Study material:
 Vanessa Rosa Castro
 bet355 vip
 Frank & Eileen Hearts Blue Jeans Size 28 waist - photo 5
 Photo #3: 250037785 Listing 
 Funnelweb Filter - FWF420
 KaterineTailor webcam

==

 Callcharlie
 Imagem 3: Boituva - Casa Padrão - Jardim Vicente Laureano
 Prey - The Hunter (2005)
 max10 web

The task: From the entries above, give again exactly the lines running from the line with "Photo #3: 250037785 Listing" to the line with "KaterineTailor webcam"; include both of those lines.

Exercise output:
 Photo #3: 250037785 Listing 
 Funnelweb Filter - FWF420
 KaterineTailor webcam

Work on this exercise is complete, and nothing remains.